I’d take what these news organizations say with a glassful of salt. Here’s what B&T say about their rationale:

Our research draws only on accounts from reliable media organizations with deep reporting capabilities in Pakistan….As a whole, these news organizations cover the drone strikes as accurately and aggressively as possible, and though we don’t claim our research has captured every single death in every drone strike—particularly those before 2008, when the pace of the program picked up dramatically—it has generated some reliable open-source information about the number of militant leaders killed, a fairly strong estimate of the number of lower-level militants killed, and a reliable sense of the true civilian death rate. (p2, “The Year of the Drone”)

But from where are the news organizations getting their information given that much of the area is off-limits to reporters? A cursory glance at some of the articles B&T cite for their evidence shows a pretty common formula in the news reports. The beginning of the article usually says something like so: X number of militants were killed , a security official said. These security officials are, of course, nearly always anonymous, that is, they cannot be held accountable. We don’t know whether these are local folk or Army folk or, for that matter, the ISI. We know nothing about them, their interests, their position and thus can make no judgment about their claims. Now, while the word “alleged”–as in alleged militant–appears to have disappeared from the lexicon of said media organizations when it comes to attacks by flying killer robots on Pakistan, this is effectively how the news report ought to be read because it’s telling you: This is what the anonymous official said, but hey, we don’t know because there are no eyewitness accounts nor is it verified by an independent body. In fact, it’s usually only supported by another one or two anonymous “security” or “administrative” officials.
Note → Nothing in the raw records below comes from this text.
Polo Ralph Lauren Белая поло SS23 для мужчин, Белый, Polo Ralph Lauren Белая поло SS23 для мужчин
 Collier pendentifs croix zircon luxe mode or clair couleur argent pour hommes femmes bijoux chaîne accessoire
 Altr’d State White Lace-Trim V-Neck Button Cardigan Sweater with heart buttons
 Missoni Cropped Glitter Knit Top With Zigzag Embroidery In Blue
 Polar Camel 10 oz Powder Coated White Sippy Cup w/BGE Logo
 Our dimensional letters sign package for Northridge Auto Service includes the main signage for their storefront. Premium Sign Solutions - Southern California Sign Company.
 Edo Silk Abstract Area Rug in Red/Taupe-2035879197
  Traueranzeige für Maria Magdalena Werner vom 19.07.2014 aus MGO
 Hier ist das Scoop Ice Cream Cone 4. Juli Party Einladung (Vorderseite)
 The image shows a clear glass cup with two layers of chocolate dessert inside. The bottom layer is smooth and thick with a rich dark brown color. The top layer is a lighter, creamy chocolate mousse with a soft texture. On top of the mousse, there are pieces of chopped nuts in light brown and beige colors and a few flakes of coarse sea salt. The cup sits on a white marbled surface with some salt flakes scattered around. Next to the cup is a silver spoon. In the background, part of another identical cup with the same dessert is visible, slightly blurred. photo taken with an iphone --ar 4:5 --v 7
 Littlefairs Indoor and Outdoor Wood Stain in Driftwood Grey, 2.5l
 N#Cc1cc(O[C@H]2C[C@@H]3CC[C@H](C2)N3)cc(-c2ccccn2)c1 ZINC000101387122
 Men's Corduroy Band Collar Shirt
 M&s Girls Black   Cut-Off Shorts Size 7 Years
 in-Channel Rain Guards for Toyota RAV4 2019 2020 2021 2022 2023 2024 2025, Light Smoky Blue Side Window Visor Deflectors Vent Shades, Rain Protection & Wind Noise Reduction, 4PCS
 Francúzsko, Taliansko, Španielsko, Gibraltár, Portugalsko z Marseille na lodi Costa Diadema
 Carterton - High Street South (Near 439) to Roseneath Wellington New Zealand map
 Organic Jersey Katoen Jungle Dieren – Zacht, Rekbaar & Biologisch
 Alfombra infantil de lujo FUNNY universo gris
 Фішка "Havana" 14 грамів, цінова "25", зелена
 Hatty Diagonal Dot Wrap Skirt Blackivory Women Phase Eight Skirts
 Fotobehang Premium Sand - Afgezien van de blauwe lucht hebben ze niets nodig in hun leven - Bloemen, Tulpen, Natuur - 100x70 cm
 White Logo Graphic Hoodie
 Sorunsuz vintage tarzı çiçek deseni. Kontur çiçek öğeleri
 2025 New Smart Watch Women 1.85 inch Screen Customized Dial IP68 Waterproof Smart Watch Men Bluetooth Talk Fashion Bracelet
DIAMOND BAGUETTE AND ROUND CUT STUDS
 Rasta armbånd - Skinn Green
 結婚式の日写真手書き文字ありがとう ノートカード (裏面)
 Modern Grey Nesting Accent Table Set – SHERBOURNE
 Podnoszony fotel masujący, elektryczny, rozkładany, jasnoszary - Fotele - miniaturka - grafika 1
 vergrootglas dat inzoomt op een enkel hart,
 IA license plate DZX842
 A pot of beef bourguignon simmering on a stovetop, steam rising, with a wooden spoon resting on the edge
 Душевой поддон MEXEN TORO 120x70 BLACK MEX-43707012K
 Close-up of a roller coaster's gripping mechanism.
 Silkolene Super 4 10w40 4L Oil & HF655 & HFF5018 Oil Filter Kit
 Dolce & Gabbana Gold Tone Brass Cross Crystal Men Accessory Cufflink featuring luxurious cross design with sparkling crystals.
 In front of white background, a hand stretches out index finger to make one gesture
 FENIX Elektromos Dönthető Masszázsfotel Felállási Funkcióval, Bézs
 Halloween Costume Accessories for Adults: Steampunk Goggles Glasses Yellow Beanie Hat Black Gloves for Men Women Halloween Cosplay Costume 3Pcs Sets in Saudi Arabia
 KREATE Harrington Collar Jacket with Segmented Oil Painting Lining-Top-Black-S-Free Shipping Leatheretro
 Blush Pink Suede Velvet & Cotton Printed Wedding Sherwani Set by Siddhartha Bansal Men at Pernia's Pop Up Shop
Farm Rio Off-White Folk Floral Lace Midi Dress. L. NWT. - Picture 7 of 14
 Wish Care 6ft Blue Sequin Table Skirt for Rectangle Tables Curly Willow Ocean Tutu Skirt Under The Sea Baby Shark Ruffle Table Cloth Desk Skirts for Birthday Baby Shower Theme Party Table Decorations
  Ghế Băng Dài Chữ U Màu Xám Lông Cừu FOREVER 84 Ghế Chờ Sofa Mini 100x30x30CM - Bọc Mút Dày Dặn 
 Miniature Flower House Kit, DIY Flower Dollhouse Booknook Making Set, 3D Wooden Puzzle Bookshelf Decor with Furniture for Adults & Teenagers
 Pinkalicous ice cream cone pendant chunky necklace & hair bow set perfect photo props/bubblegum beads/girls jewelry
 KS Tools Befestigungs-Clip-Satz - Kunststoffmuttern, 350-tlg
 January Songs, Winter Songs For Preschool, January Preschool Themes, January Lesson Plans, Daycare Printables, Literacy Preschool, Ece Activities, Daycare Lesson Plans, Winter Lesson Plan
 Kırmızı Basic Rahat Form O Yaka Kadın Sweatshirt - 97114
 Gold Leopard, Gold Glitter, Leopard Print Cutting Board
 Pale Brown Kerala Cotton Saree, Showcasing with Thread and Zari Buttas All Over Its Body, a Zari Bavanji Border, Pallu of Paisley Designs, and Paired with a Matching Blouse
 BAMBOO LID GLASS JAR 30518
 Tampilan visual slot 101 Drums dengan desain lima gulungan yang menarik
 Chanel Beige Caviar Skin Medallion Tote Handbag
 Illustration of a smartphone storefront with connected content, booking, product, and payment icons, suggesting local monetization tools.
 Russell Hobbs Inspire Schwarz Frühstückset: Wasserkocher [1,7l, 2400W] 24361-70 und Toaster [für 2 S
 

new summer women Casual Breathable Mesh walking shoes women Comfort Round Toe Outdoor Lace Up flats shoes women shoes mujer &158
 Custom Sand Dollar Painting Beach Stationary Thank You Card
Secondly, B&T can claim that they militate against error by citing multiple news sources, but that simply shows a deep ignorance about how reporting is done in remote areas of Pakistan, something they might’ve looked into before proceeding with their first grade arithmetic. Despite the multiple news media organizations cited, it’s highly likely that the stringers who get the information are speaking to the same anonymous source(s). It’s common for reporters/stringers to try and inculcate relationships with higher-ups to get information, and there are usually a few point people within bureaucratic institutions like the police who get called upon by journalists. So, it’s likely that it’s the same people giving information to several news organizations. All multiple citing does in this case then is to produce an echo chamber of the same official line, a line spoken by some anonymous official.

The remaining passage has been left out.